**EXERCISE DETAILS:** Beginning with the line in which "flower market" appears, transcribe each line word for word until the records end. Do not include pictures.

***** SUPPLIED RECORDS

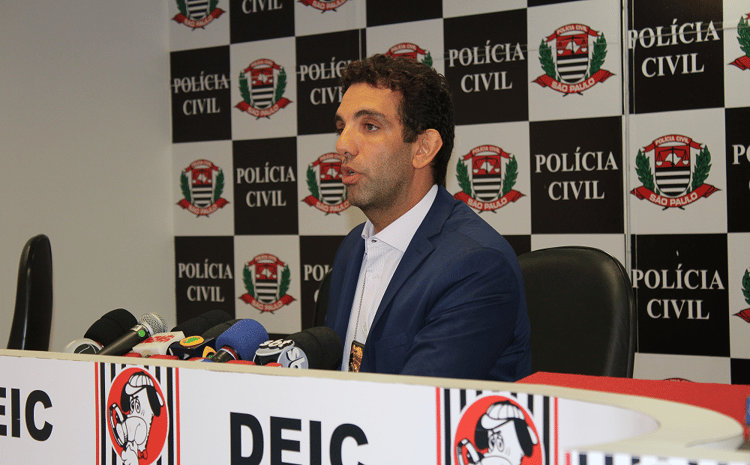 César Saad, titular da Delegacia de Repressão aos Delitos do Esporte em São Paulo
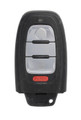 Unrefurbished OEM Audi 8T0 959 754 8K0 959 754 IYZFBSB802 4 Button Key Fob w/out Comfort Access - Grade A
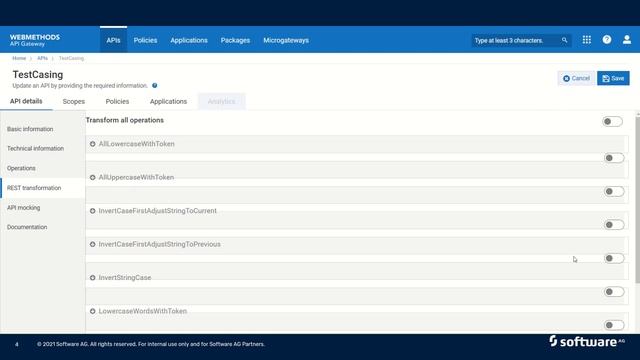SOAP TO REST Transformation | Software AG смотреть онлайн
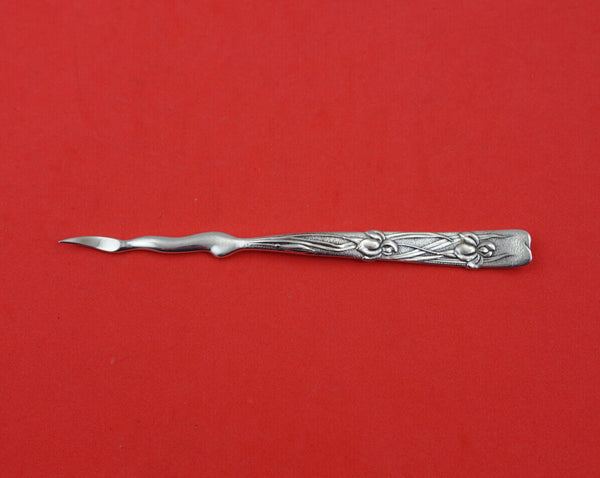Vine by Tiffany Sterling Silver Nut Pick Iris Motif 5" TIFFANY BOOK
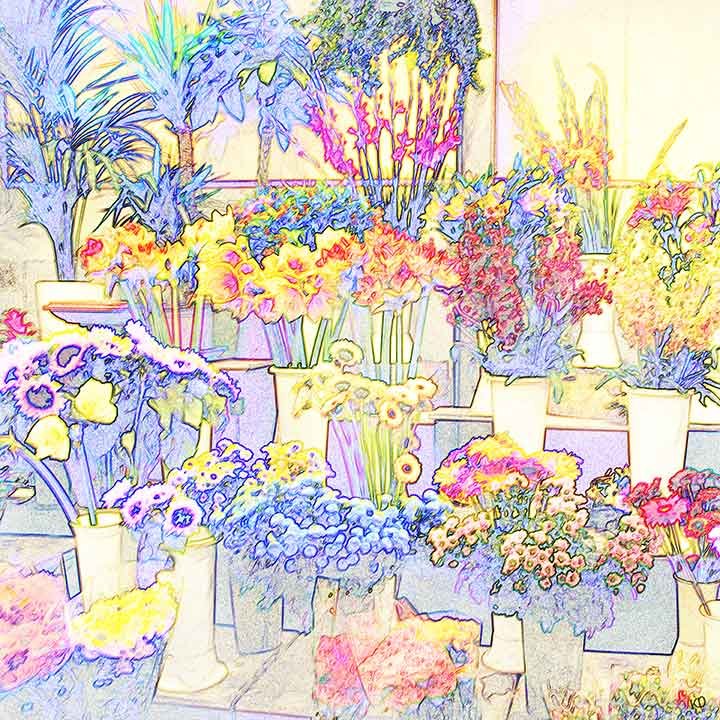 flower market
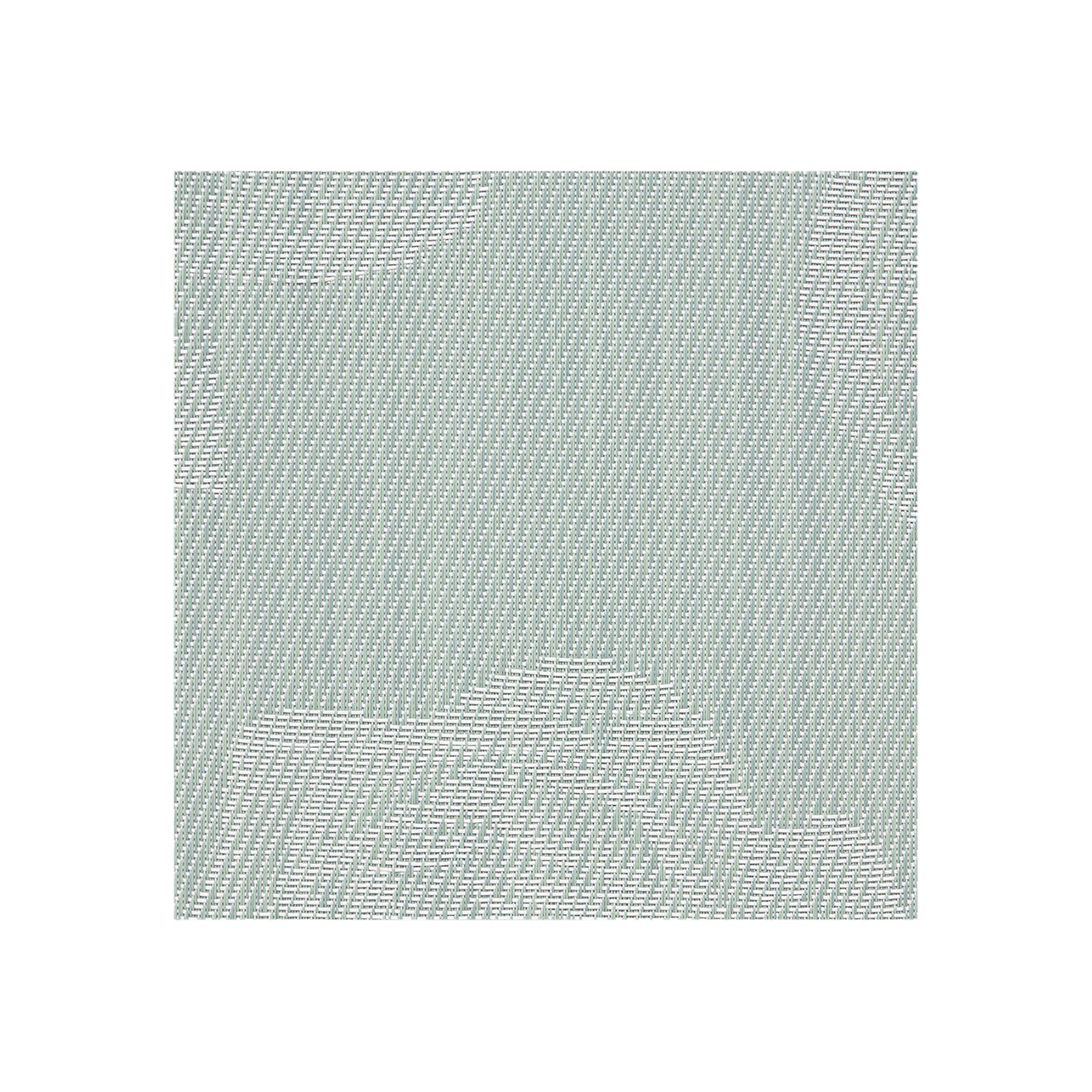 Detail image of Chilewich woven material showcasing texture, color, and pattern of the terrastrand yarn weave.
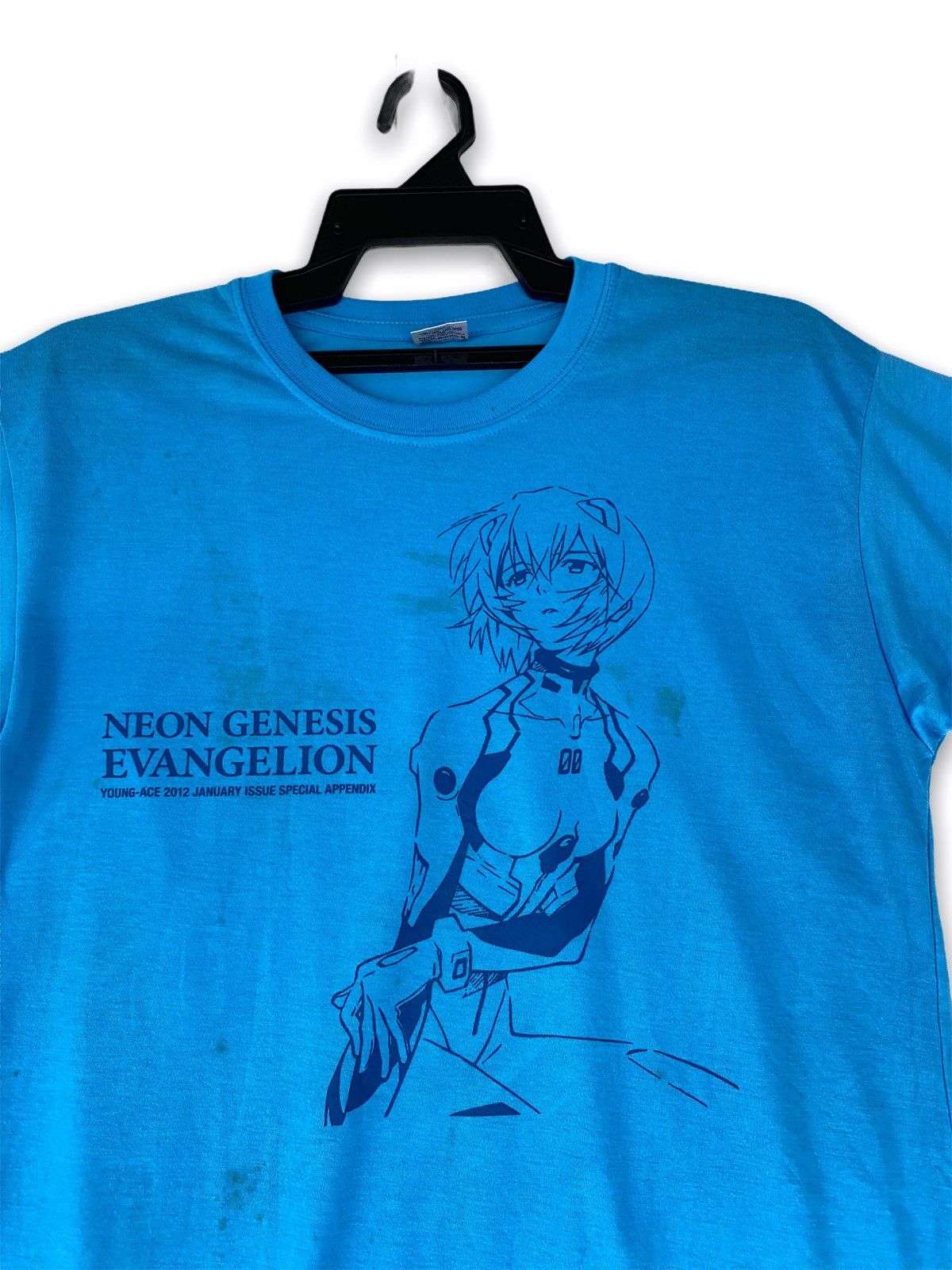 Cartoon Network × Japanese Brand × Vintage Rare Design Evangelion Size US M / EU 48-50 / 2 - 3 Thumbnail
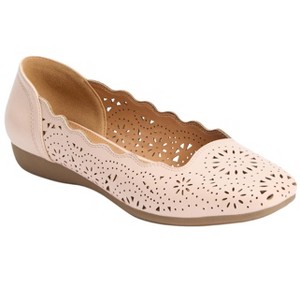 Comfortview The Laurell Slip On Flat (Wide Widths Available) - 1 of 4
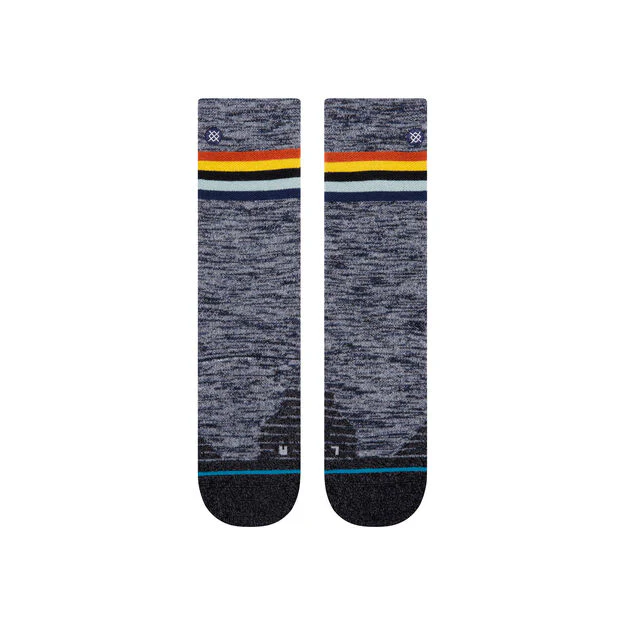 Stance Mikol Crew Socks - Grey - Image 2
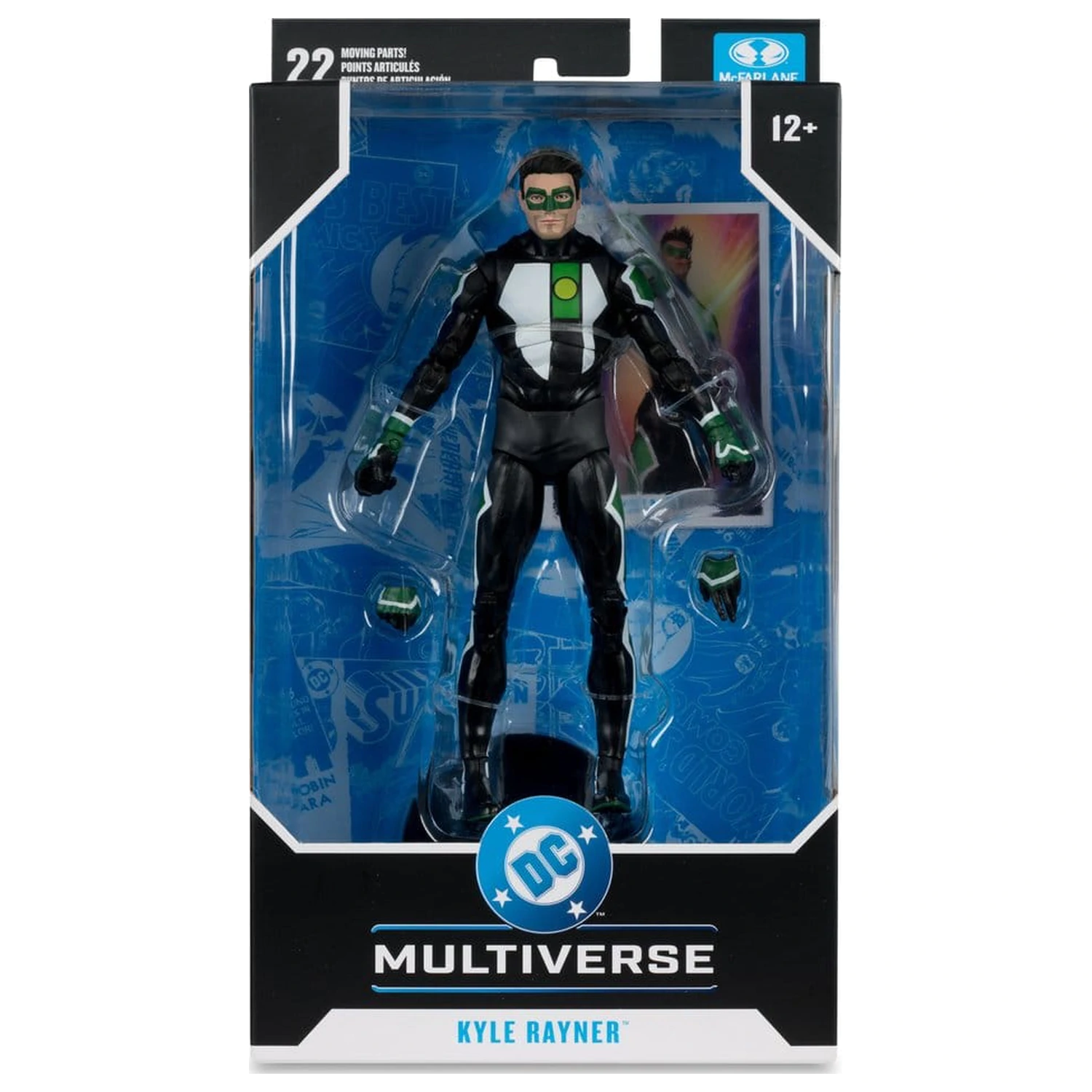Green Lantern DC Multiverse akcijska figura Kyle Rayner 18 cm fotografija proizvoda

**********

**SOLVED PROBLEM:**
 flower market
 Detail image of Chilewich woven material showcasing texture, color, and pattern of the terrastrand yarn weave.
 Cartoon Network × Japanese Brand × Vintage Rare Design Evangelion Size US M / EU 48-50 / 2 - 3 Thumbnail
 Comfortview The Laurell Slip On Flat (Wide Widths Available) - 1 of 4
 Stance Mikol Crew Socks - Grey - Image 2
Green Lantern DC Multiverse akcijska figura Kyle Rayner 18 cm fotografija proizvoda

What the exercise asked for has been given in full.